I am having difficulty explaining to people from other countries what’s going on in the High Court at the moment. There is a case brought by Gina Miller, a fund manager, arguing that the government cannot invoke Article 50 of the TEU (the procedure for leaving the EU) without parliamentary approval. The government disagrees.
The mystery is how come this is not clear. The Article sets out that
Any Member State may decide to withdraw from the Union in accordance with its own constitutional requirements.
But what are the UK’s constititutional requirements? Nobody knows.
The government says that the Royal Prerogative applies. This is the power of the government to conclude international treaties. The EU is established by an international treaty, so the government acting on its own can withdraw from it.
Not so fast, says the other side. It may be an international treaty, but itEU tr is established in the UK by virtue of an Act of parliament and gives rights to British citizens as a result. It is wrong that a decision of parliament can be overridden by a decision of the executive, particularly when it comes to the rights of the citizen.
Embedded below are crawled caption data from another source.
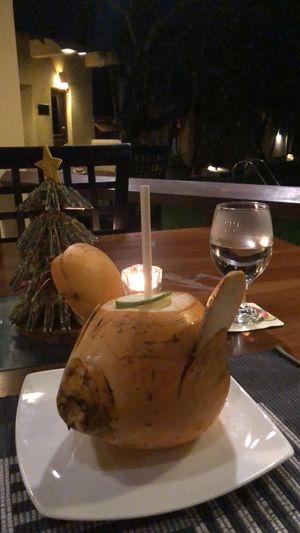 Cocopig  at Koththamalli by Rohan in Negombo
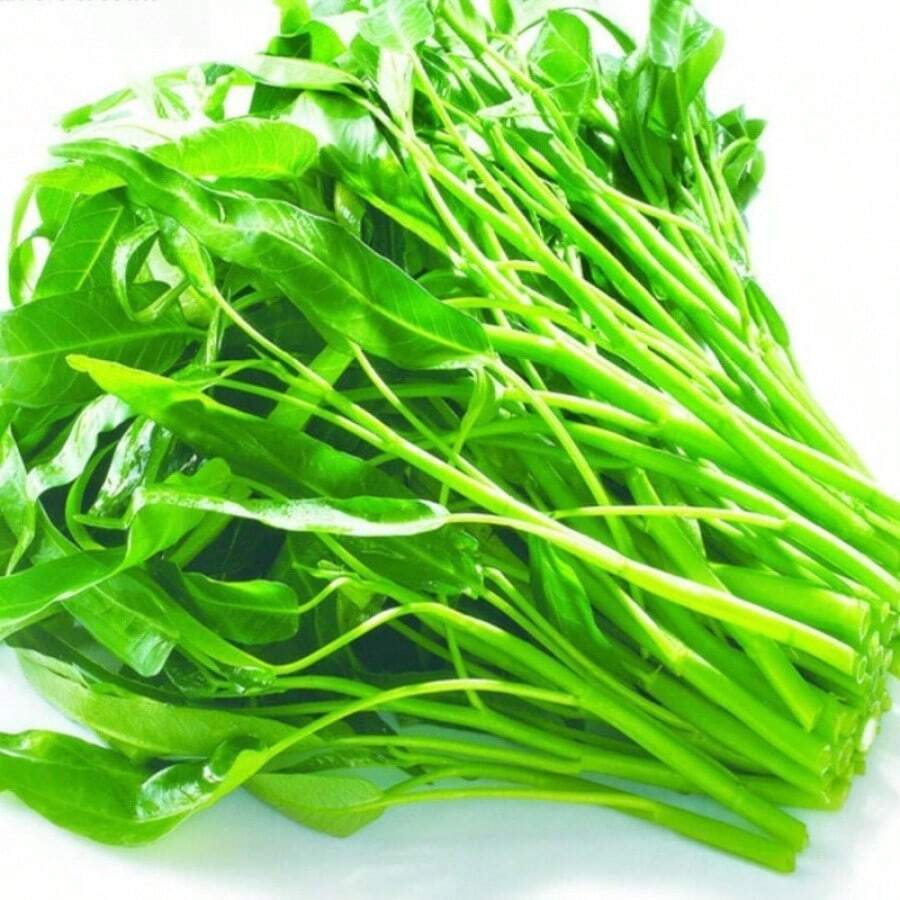 100 Pcs Seeds Kangkong Seeds - Rau Muong, Ong Choy, Brown - Chinese Spinach - Cong Xin CAI Seeds, Kangkung Seeds For Planting - 100 hạt giống - Xem 1
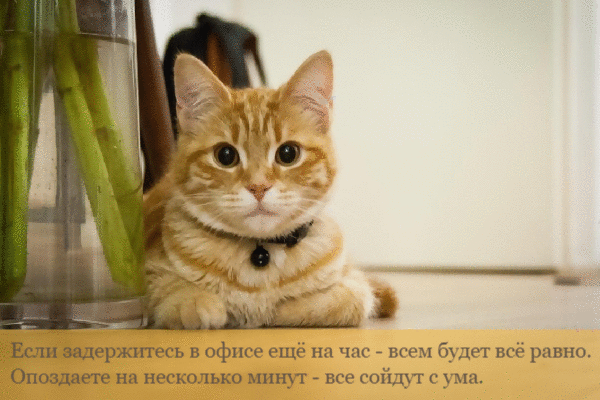 Если задержитесь в офисе.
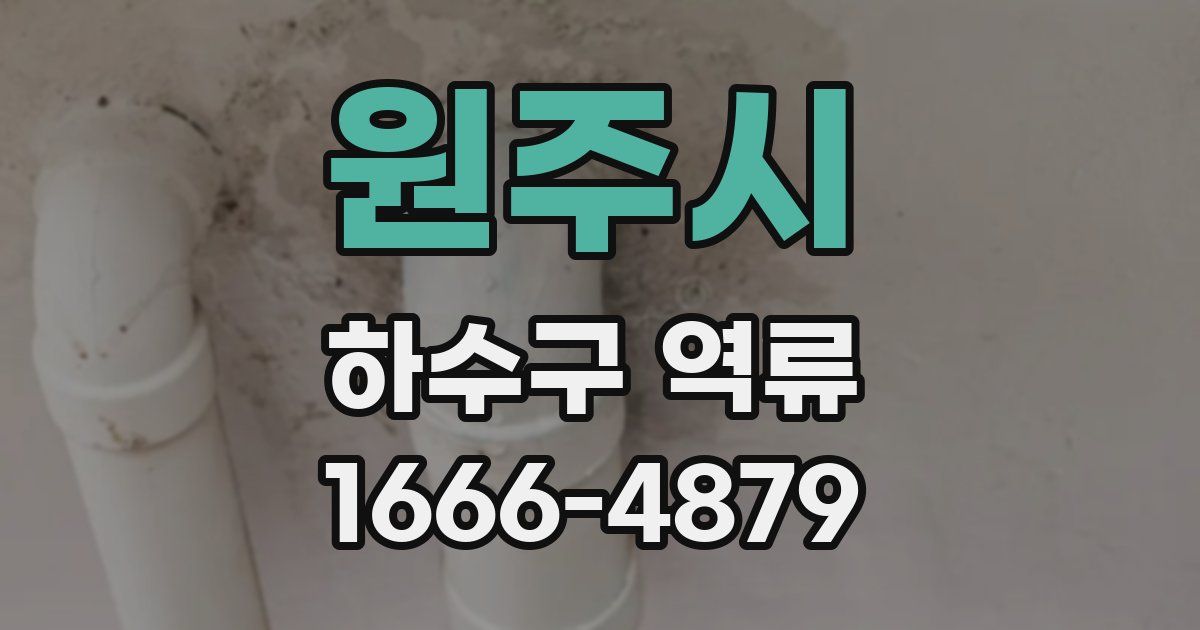 원주시 하수구 역류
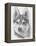 Alaskan Klee Kai-Barbara Keith-Framed Premier Image Canvas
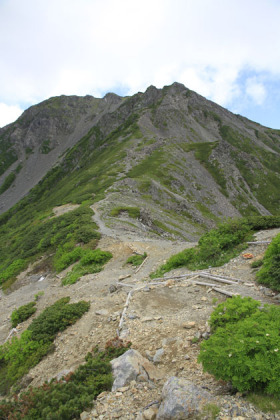 間ノ岳の鞍部から見上げた農鳥岳。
There is a string of examples of statutes and laws that enunciate this principle, going back as far as the Bill of Rights of 1689 and the Act of Union of 1706.
The Lord Chief Justice was reported as “baffled” by aspects of the government’s case. The law requires that amendments to the EU treaties require the assent of parliament, so why not their annulment? When a senior judge declares himself “baffled”, that is not a good sign.
As far as this website is concerned, it is an open and shut case. OK, the government has a point when it says that the legislation creating the referendum (non-binding, let us remember) did not explicitly rule out the use of the royal prerogative, but that legislation also made the referendum non-binding in the first place. It is odd for the people whose complaint was that the House of Commons did not have enough power to object to the idea that it should have more power.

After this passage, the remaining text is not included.